Some brute force which quickly produces, unsurprisingly, 7300. (Python)

N= 1000000

count=0
for i in range(1,N):
nines = 0
dsum = 0
for c in str(i):
if c == '9': nines += 1
dsum += int(c)
if dsum % 2 == 1 and nines == 3: count += 1
print count


Assuming leading zeros allow us to assume all numbers have six digits you need.

A) 1 non-nine odd, two different evens, 3 nines

plus

B) 1 (non-nine odd), two same evens, 3 nines

plus

C) 3 non-nine odds, all different, 3 nines

plus

D) 3 non-nine odds, two the same, 3 nines

E) 3 non-nine odds, all the same, 3 nines.

There are $4$ odds to choose from and $5$ evens.

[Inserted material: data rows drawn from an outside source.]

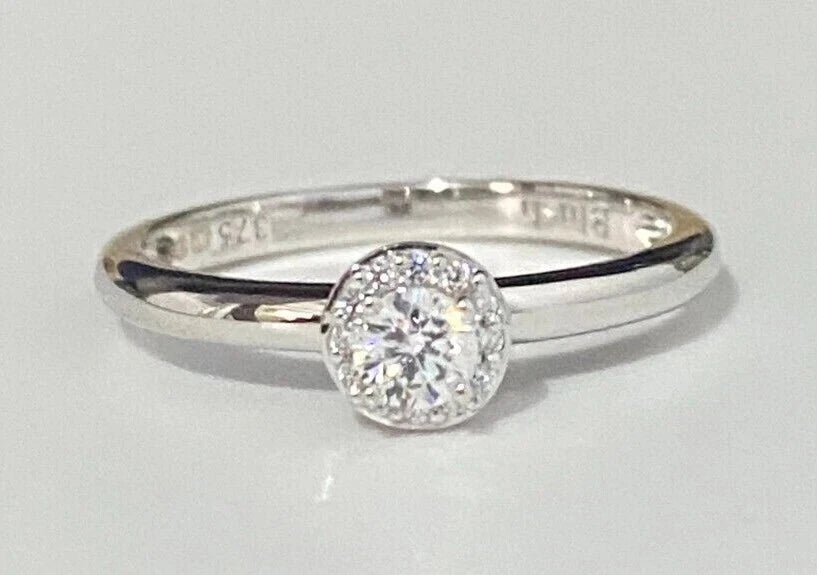 9K White Gold & Zirconia Halo Engagement Ring Size M 1/2 - 6 1/4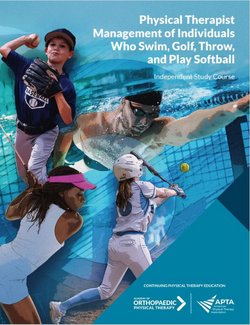 Physical Therapist Management of Individuals Who Swim, Golf, Throw, and Play Softball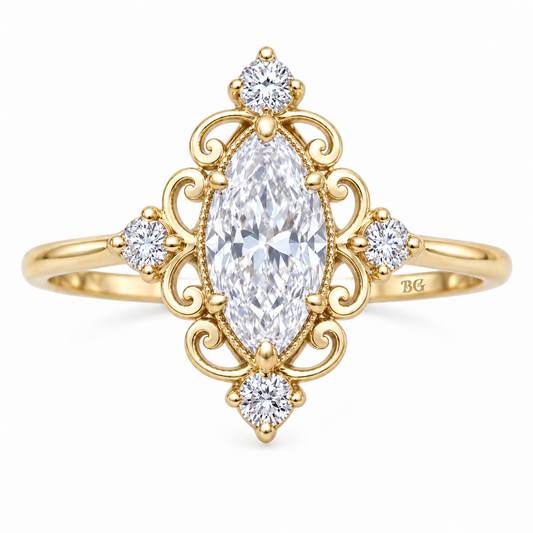 Vintage 1 CT marquise moissanite filigree engagement ring in yellow gold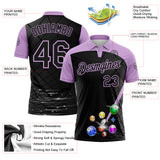 Custom Black-Light Purple Billiard Balls Performance Polo Shirt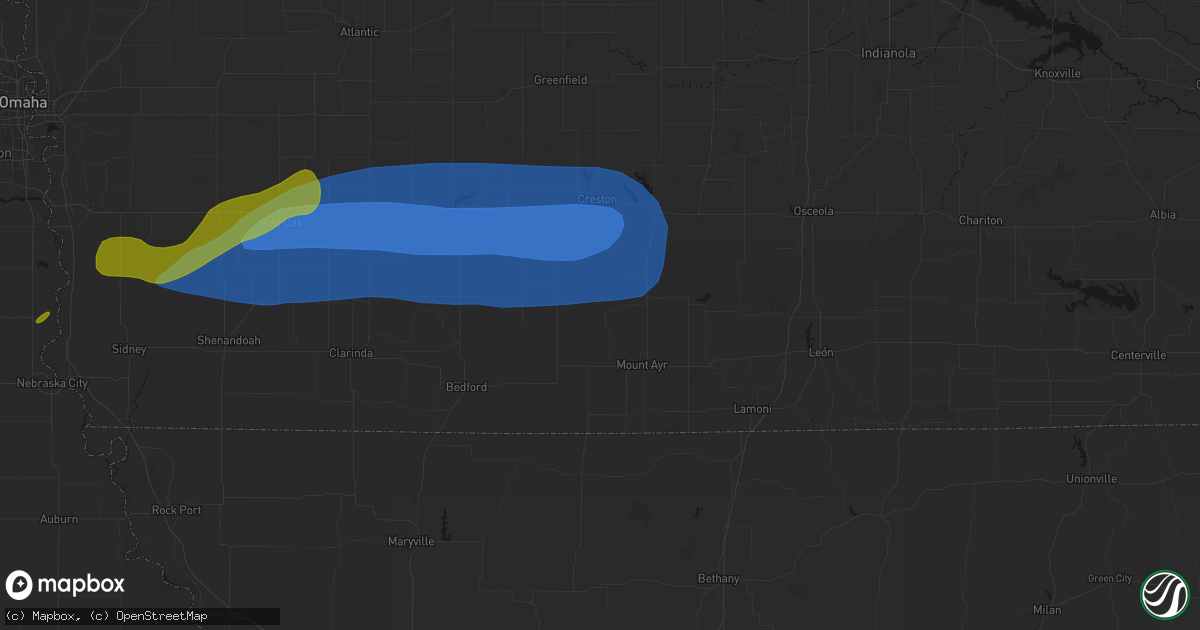 Hail map in Diagonal, IA on May 15, 2026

A) is $4*5*4*{3\choose 1}{6 \choose 3}$. That is, $4$ choices for the non-nine odd, $5$ for the first even, $4$ for the second even. There are ${3\choose 1}$ ways to arrange the odd digit among the two even digits. And there are ${6\choose 3}$ ways to place the three nines among six digits.

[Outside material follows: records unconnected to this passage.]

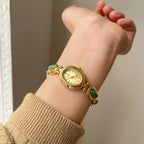 Women's Vintage Oval Bracelet Watch with Stone Links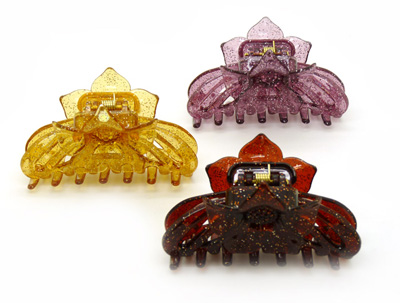 时尚发夹抓夹 大号发抓鲨鱼夹顶夹大发抓夹弹簧夹AS防摔头发抓夹 -花爪夹大号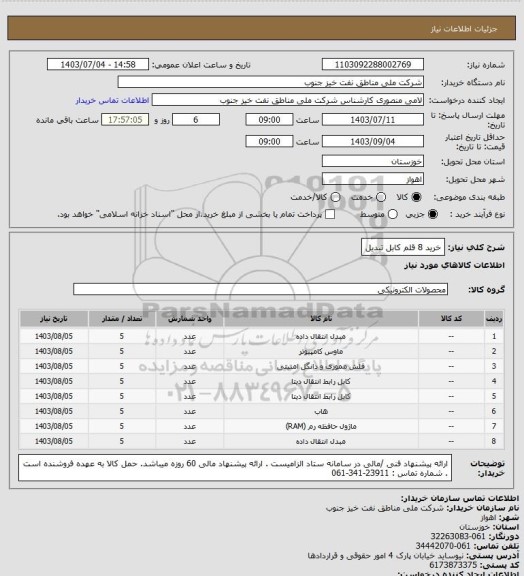 استعلام خرید 8 قلم کابل تبدیل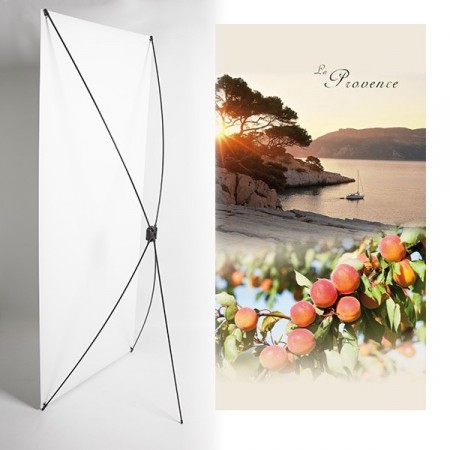 Kakemono provence paysage- 180 x 80 cm - Toile M1 avec structure  X- Banner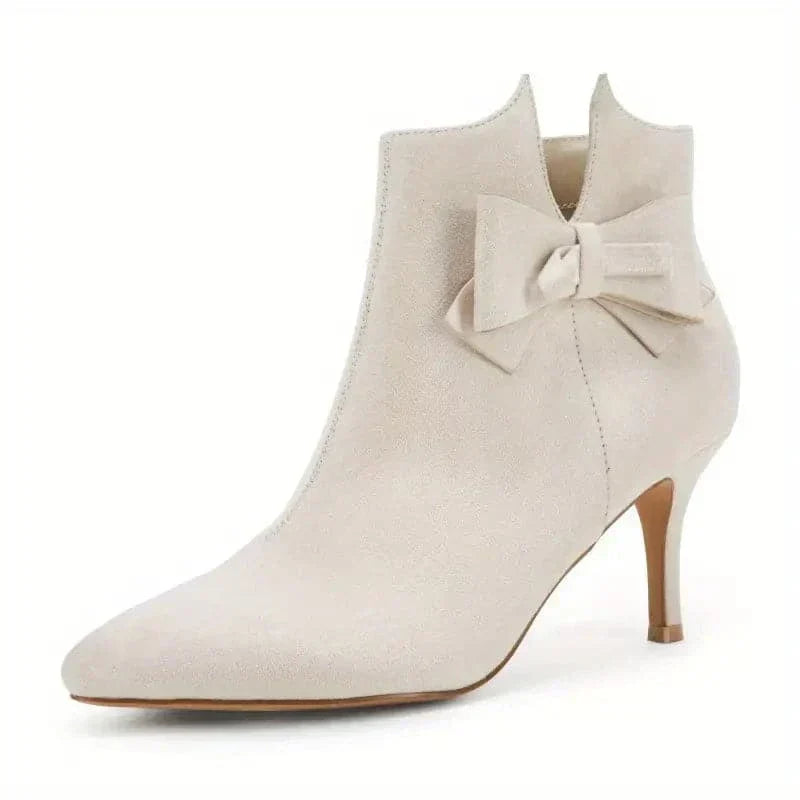 Rebecca's Elegant Bow Stiletto Ankle Boots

B) is $4*5{3\choose 1}{6 \choose 3}$. That is, $4$ choices for the first non-nine odd, $5$ choices for the two evens. There are ${3\choose 1}$ ways to arrange the odd digit among the two even digits. And there are ${6\choose 3}$ ways to place the three nines among six digits.

C) is $4*3*2{6\choose 3}$

D) is $4*3{3 \choose 2}{6\choose 3}/2$

E) is $4*{6 \choose 3}$

There is an alternative.

There is ${6 \choose 3}$ ways to arrange three $9$s is six positions. There are $9^3$ possible options for the remaining three digits. $5^3$ of them are all evens (as there are $5$ choices of non-nine evens). $4^3$ are all odd (as there are $4$ choices of non-nine odds). $4*5^2{3\choose 1}$ of those have $1$ odd and $2$ evens. $4^2*5{3\choose 1}$ of those have $2$ odds and $1$ even.

Detour: Verify the $9^3 = 5^3 + 5^2*4*{3\choose 1} + 5*4^2*{3\choose 1} + 4^3$

$9^3 = (5+4)^3 = 5^3 + 5^2*4*{3\choose 1} + 5*4^2*{3\choose 1} + 4^3$ is just the binomial theorem. Nothing to verify.

End of detour.

Of those $5^3$ (three evens) and $5*4^2*3$ (two odds, one even) have an even sum of digits. So when three $9$s are added the sum will be odd.

So there are ${6 \choose 3}(5^3 + 5*4^2*3)$ six digit numbers with exactly three $9$s and an even sum of digits.